Electric load data is collected as a time series with \(n\) observations \(X_{1},X_{2},\ldots,X_{n}\). In the case of the electric load data in subsection 2.1, a yearly collection of electric load data yields 17520 electric load observations, denoted as \(X_{1},X_{2},\ldots,X_{17520}\). Power system planning and optimization require accurate probability estimation at random points in the future during the life of a power network. In other words, let \(X\) denote a random variable whose value is the electric load at some point in the future. The goal is to use the data to estimate the value of \(\mathbb{P(}a<X<b)\) for various values of \(a\) and \(b\) \cite{Li_2019}.
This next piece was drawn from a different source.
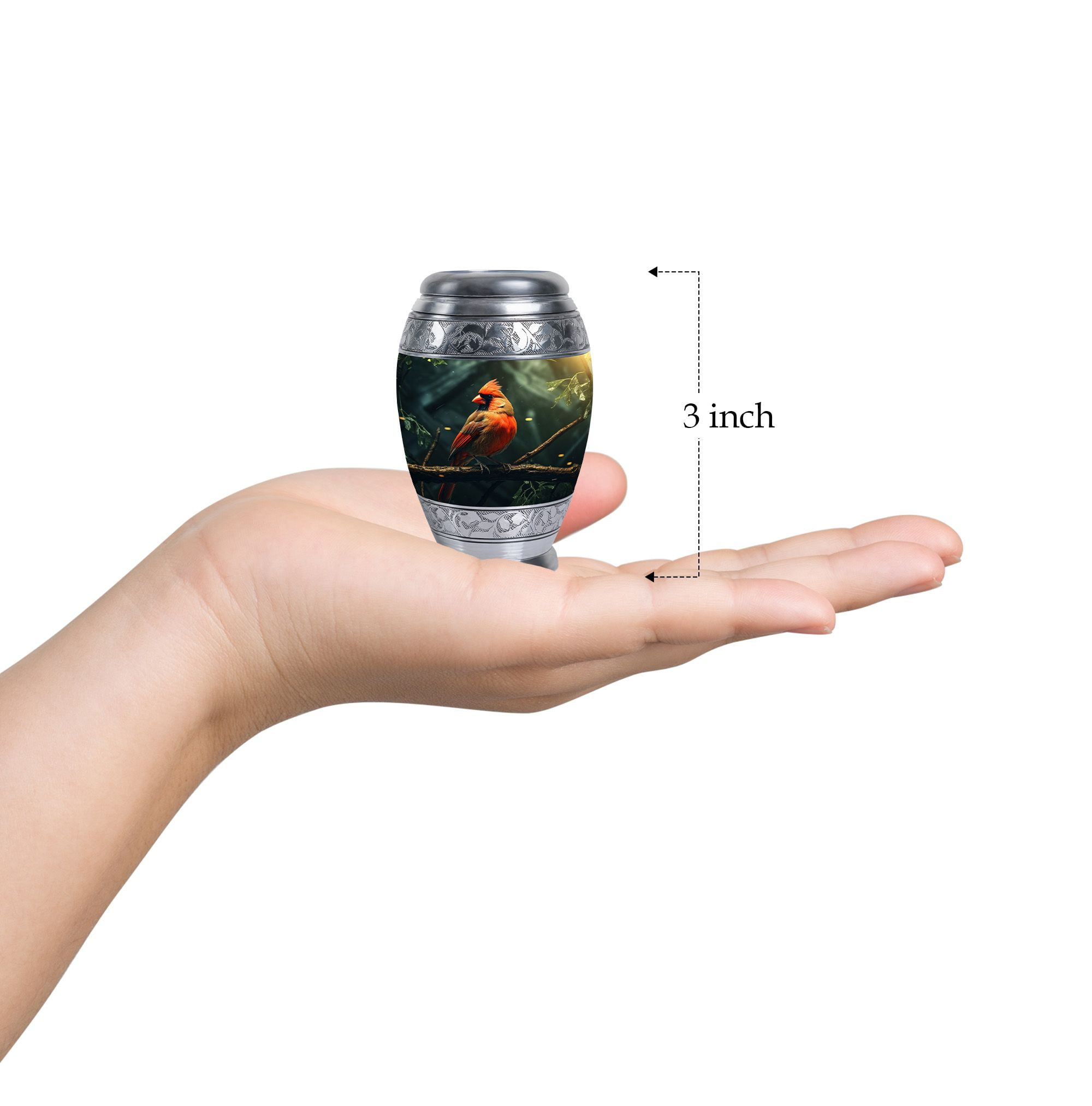 The Raven's Watch over Forgotten Realms Decorative Urns For Human Ashes - Classic Small Urn for Women's Ashes - Tiny Elegant Memorial for Human Remembrance - Cremation Urn - Memorial Gifts (3inch,4Pc)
The goal of estimating \(\mathbb{P(}a<X<b)\) is a well-known problem in the statistics field \cite{2006} \cite{Silverman_1986} which supposes that \(X\), the electric load data at some point in the future, has a probability density function \(f_{X}\), and that the data\(X_{1},X_{2},\ldots,X_{n}\) are \(n\) independent, identically distributed observations drawn from the same distribution \(f_{X}\). The probability density function \(f_{X}\) of electric load is unknown and our goal is to find or build a function \(\hat{f_{X}}\ \)from the data in order to estimate the unknown \(f_{X}\). After finding a good enough estimate \(\hat{f_{X}}\)\(\mathbb{P(}a<X<b)\) reduces to a numerical integration problem of \(\hat{f_{X}}\) over the interval \((a,b)\).